During The STAR’s vice presidential series, Legarda admitted that it would be a big challenge for her and the Nacionalista Party, led by running mate Sen. Manuel Villar, to protect their votes.
Legarda, who decried poll fraud in the 2004 elections, noted the contrast in the manual and automated elections, making it hard to detect poll manipulations in May.
“I can’t use the lessons learned in 2004 now because it’s computerized. One cannot imagine how to fight the fraud in computerized elections,” she said.
She called for vigilance to help protect their votes and ensure the victory of the entire NP slate in the elections.
“The challenge is that the preparedness in vigilance and guarding your votes is different in 2004 when it was still manual voting. So I don’t know how to guard my votes, I let my people in the party and Manny to help protect our votes together,” she said.
Legarda, who has gone through four national elections as senator and then vice president in 2004 and this year, noted that election now is “more expensive because my rivals have more resources than I do.”
She noted that her main rival, Sen. Manuel Roxas II, has spent a billion pesos in political advertisements for the past two years when he started gearing up for the presidency.
She said she decided to run for vice-president because she thinks she can do more to help the Filipino people.
“Why am I running for vice? At 50, there is not much more I would want in life. God has been good to me. While I have made mistakes, I also had triumphs. While I had many sad moments, I also had many blessings. I believe I can do much as vice-president for now and help my president.”
She said she would still continue her United Nations assignment for disaster risk reduction and climate change adaptation even if she becomes vice-president.
Defending Villar
Shrugging off criticisms of her sudden decision to run with Villar, Legarda said she was left with no running mate when Sen. Francis Escudero suddenly dropped from the presidential race. Legarda and Escudero were being groomed then by the Nationalist People’s Coalition as running mates.
“In 1995, I did not know Manny Villar from Adam, yet I choose him as one of the 10 most admired Filipinos of that year. I admired him from a distance because I read about him in a foreign magazine as the brown taipan,” she said, recalling her stint with “Inside Story,” a public affairs program with ABS-CBN.
She said Villar’s rag to riches story got her interested even then.
Believing that Villar would win the elections, Legarda defended her vote against Villar during a coup in the Senate in the November 2007.

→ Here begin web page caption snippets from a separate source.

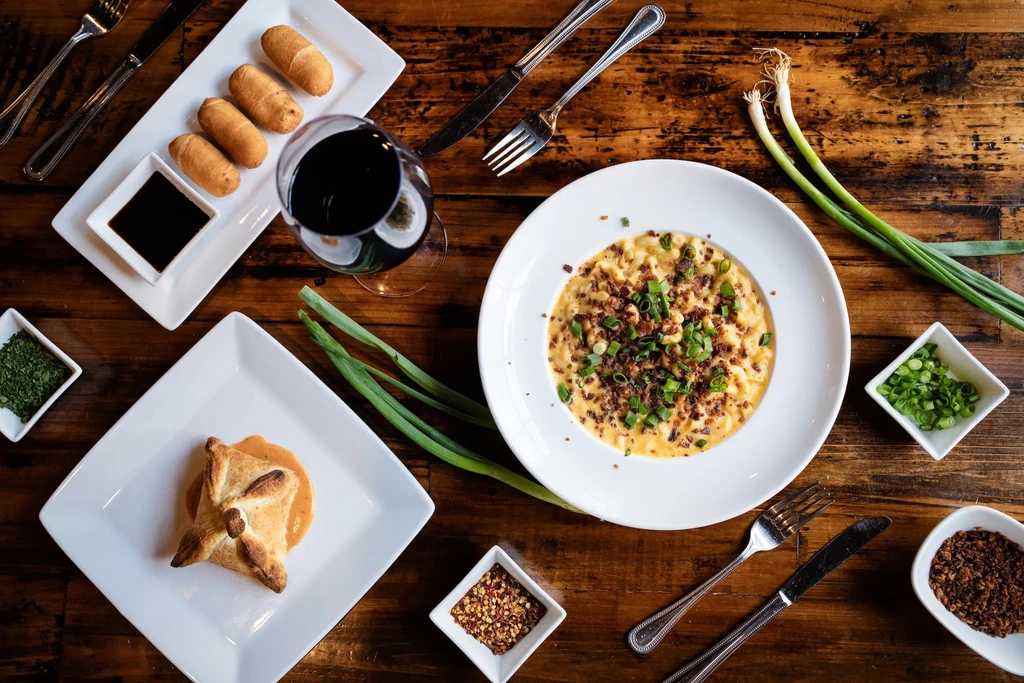 Flat lay of macaroni and cheese, pastries, wine, and garnishes on wood.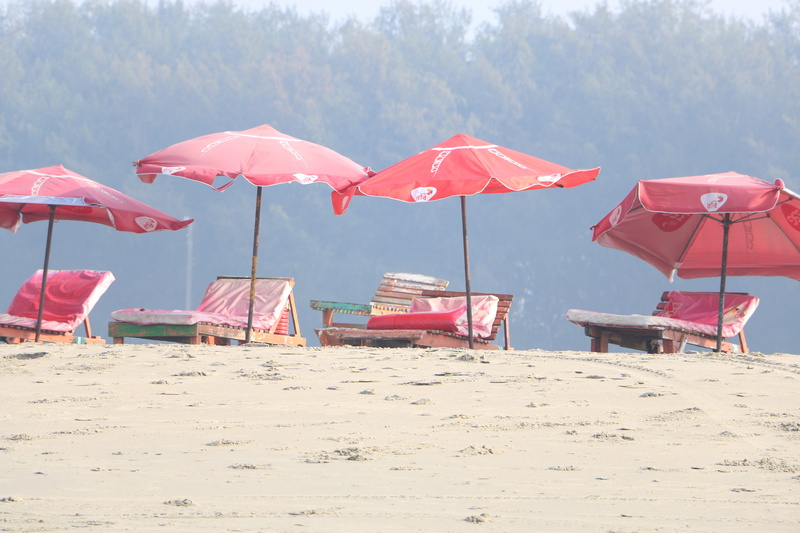 land, tranquil scene, security, shade, day, tranquility, nature, water, relaxing chair, chair, protection, umbrella, sunlight, no people, parasol, outdoors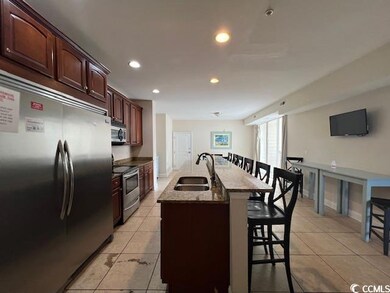 Kitchen with light tile patterned floors, stainles
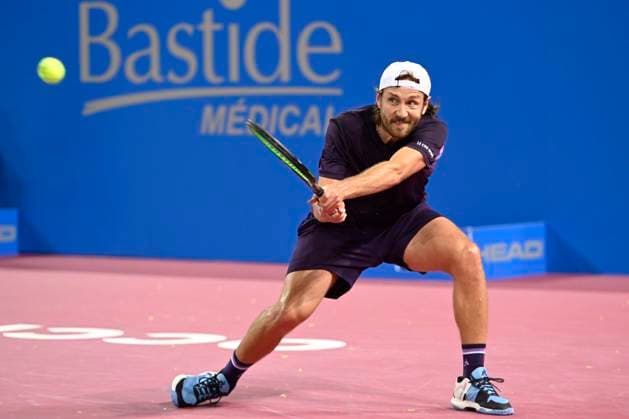 MONTPELLIER, FRANCE - JANUARY 30 : Lucas POUILLE (FRA) during the 1st round of the ATP, Tennis Herren 250 Open Sud de France tournament vs. Harold MAYOT (FRA) in Montpellier, France on January 30th, 2024. TENNIS : Open Sud de France ATP 250 - 30 01 2024 ValentinaClaret Panoramic 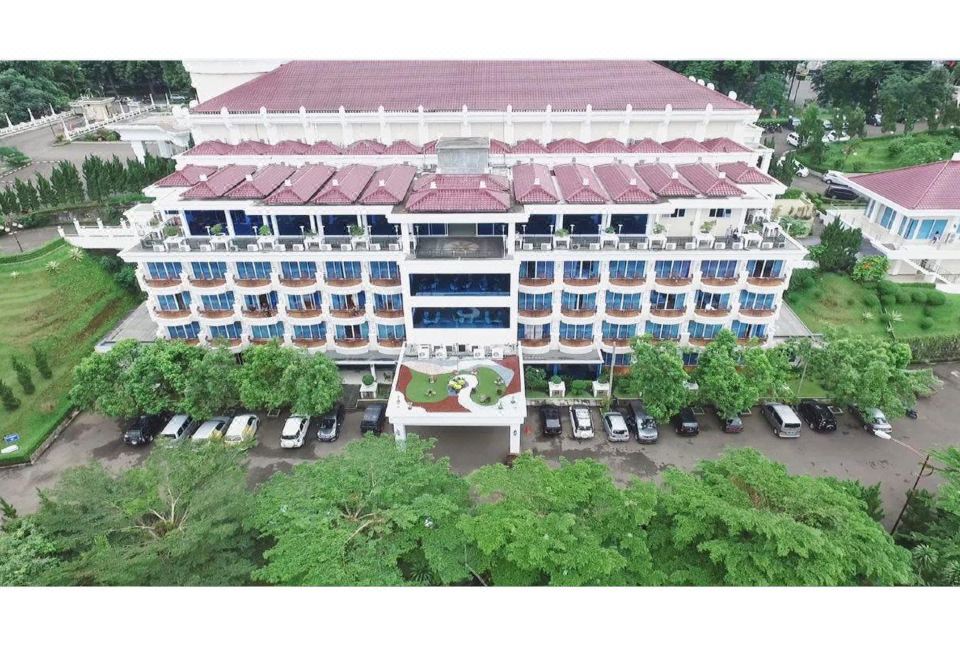 aerial view of a large white building with a red roof , surrounded by trees and cars parked in the lot at Braja Mustika Hotel Bogor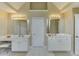 Bright bathroom with double vanity, white cabinets, mirrors and modern lighting at 352 Hickory Haven Ter, Suwanee, GA 30024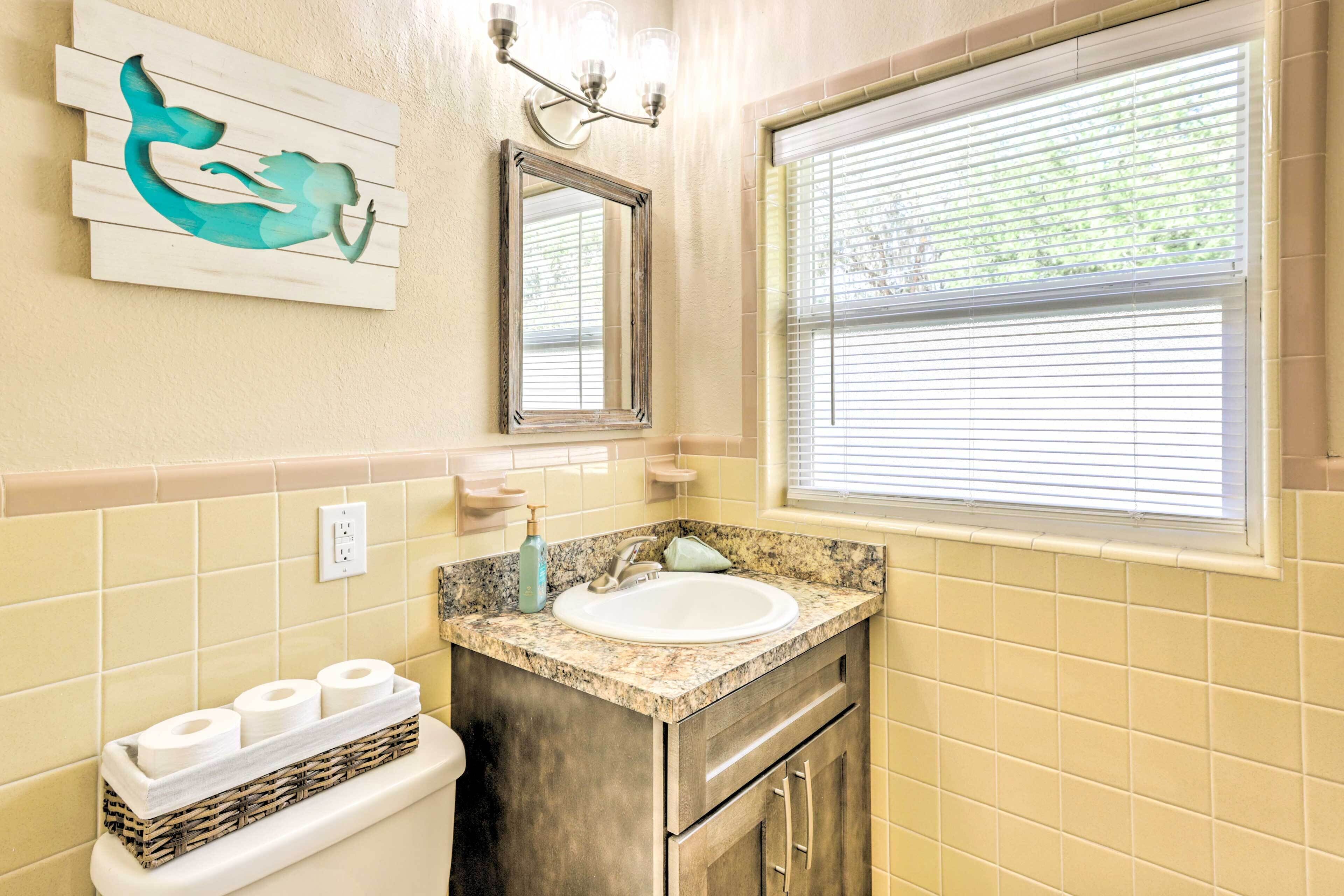 A bathroom with a sink, mirror, and toilet. There is a window with blinds and a wall-mounted light fixture.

“I am the 14th person that Manny approached to get my vote for the Senate President. And I told him I committed my vote for Nene (Pimentel), he is also a good man and a colleague,” she explained.
“When you don’t vote for a colleague, it does not mean you don’t like him or you hate him. That’s the dynamics in the Senate, you don’t always vote together.”
“It’s not an ouster, but as I said, when you vote for another colleague, it does not mean he is your enemy. We don’t take things personally.”
On Erap
In her role in the impeachment move against former President Joseph Estrada, Legarda said she would have wanted that the process led to a fair judgment.
“On hindsight now, the process should have commenced. We should have allowed the defense to present its case and there should have been a verdict so there was a fair judgment and a fair court,” she said.